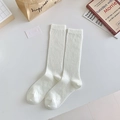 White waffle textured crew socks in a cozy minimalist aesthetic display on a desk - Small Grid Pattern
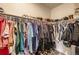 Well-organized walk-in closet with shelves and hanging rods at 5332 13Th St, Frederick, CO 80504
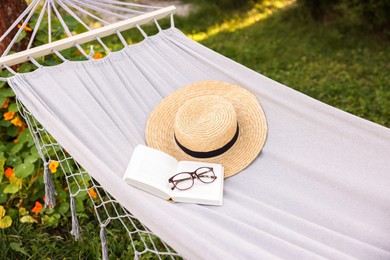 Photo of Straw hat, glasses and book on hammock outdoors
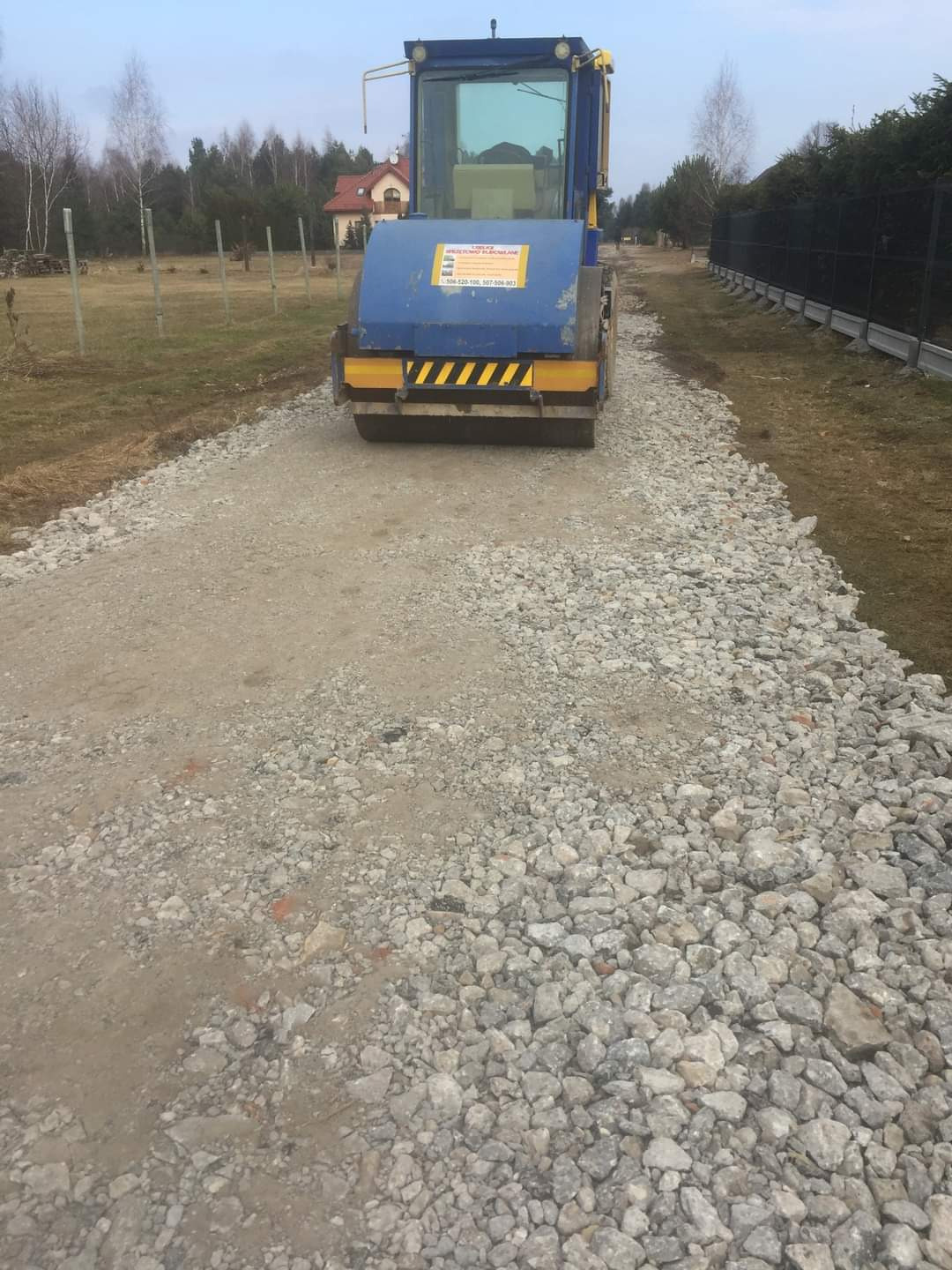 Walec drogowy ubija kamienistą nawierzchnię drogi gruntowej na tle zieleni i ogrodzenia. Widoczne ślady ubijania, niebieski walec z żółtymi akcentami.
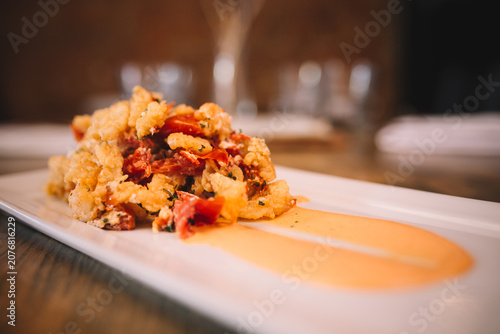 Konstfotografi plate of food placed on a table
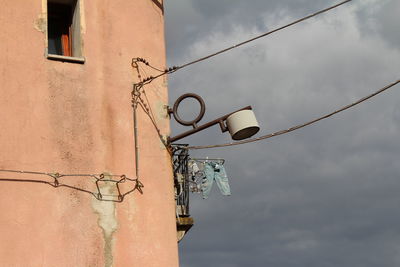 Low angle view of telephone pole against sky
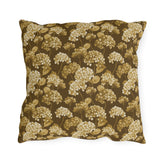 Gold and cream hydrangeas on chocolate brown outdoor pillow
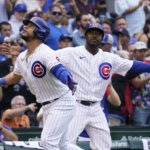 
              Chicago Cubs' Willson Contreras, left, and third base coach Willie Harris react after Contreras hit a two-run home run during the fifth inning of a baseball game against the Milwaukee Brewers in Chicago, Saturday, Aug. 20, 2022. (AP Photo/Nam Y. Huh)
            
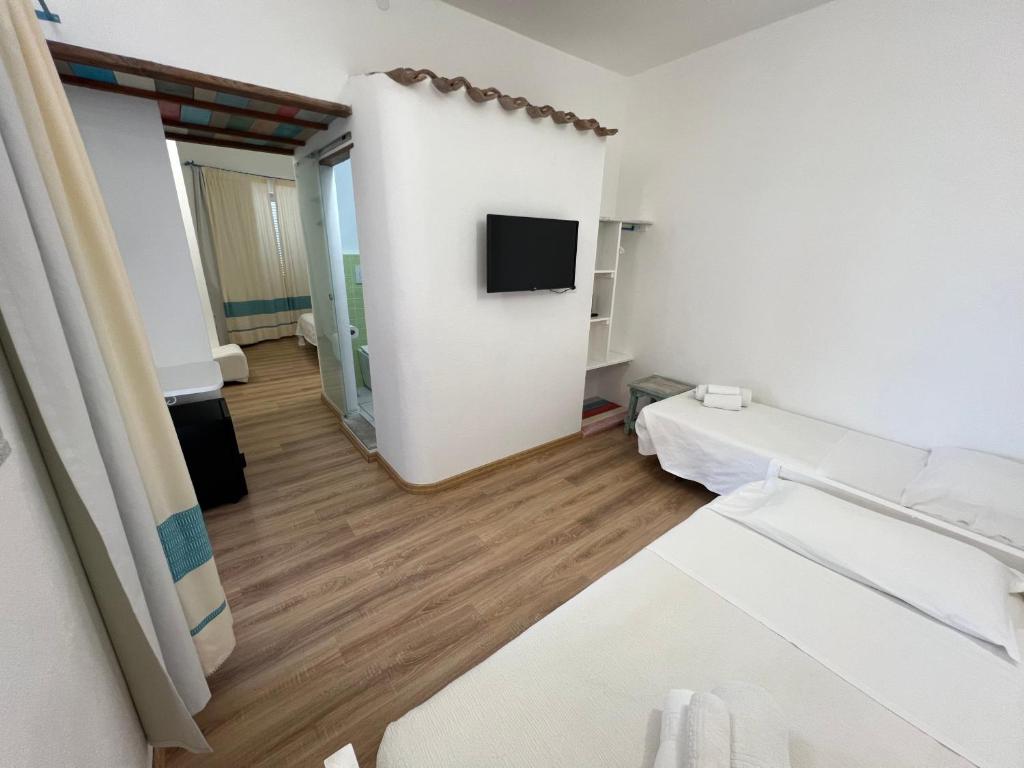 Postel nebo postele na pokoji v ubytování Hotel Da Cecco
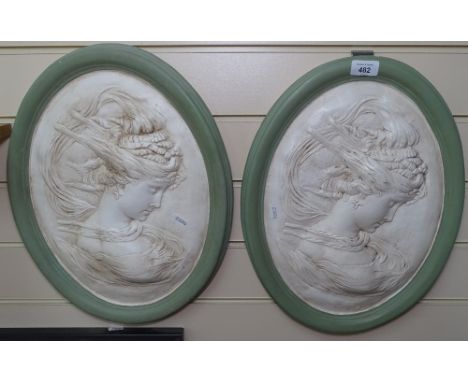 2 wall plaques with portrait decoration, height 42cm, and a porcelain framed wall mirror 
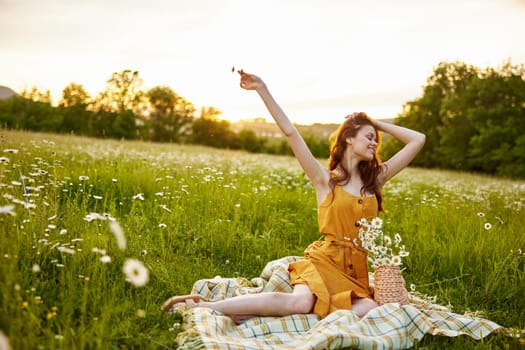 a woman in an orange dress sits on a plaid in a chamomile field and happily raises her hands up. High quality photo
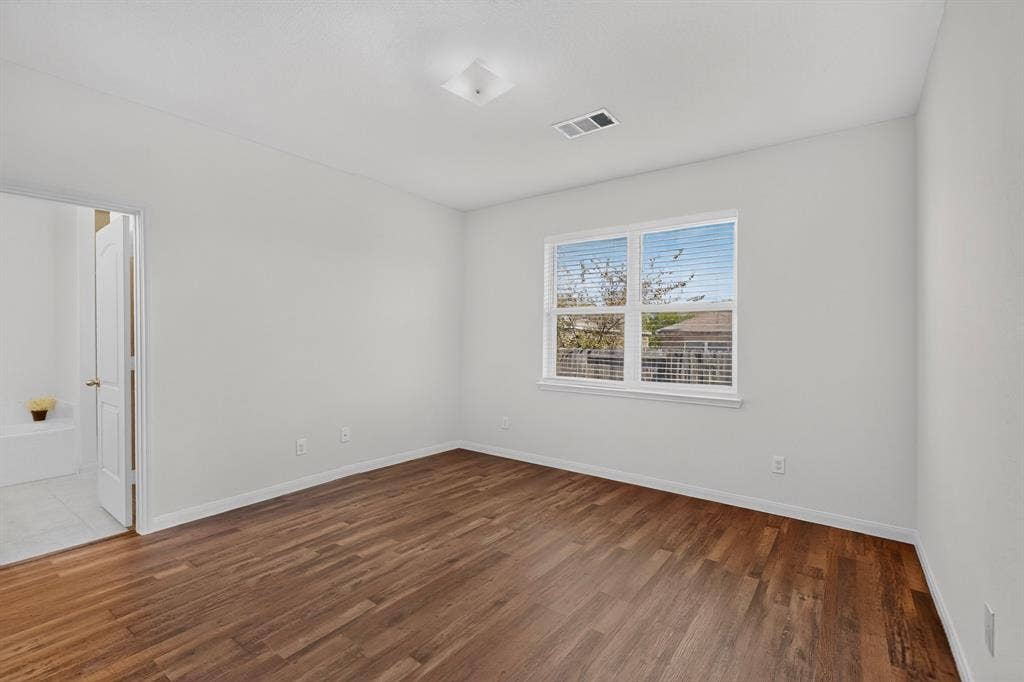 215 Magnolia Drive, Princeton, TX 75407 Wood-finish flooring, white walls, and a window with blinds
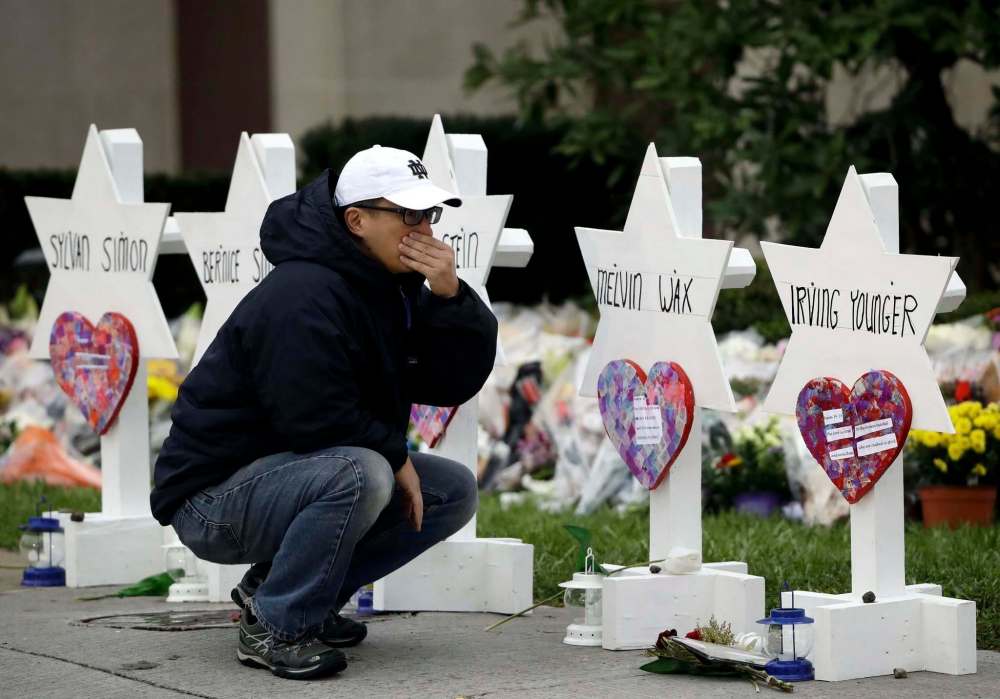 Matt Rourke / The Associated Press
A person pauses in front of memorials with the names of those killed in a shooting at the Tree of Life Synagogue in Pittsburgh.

________________

## Required work
In the listing, find the line with "Matt Rourke / The Associated Press" and retype exactly from there through the last line, both included, leaving the pictures out.

## Exercise output
 Matt Rourke / The Associated Press
A person pauses in front of memorials with the names of those killed in a shooting at the Tree of Life Synagogue in Pittsburgh.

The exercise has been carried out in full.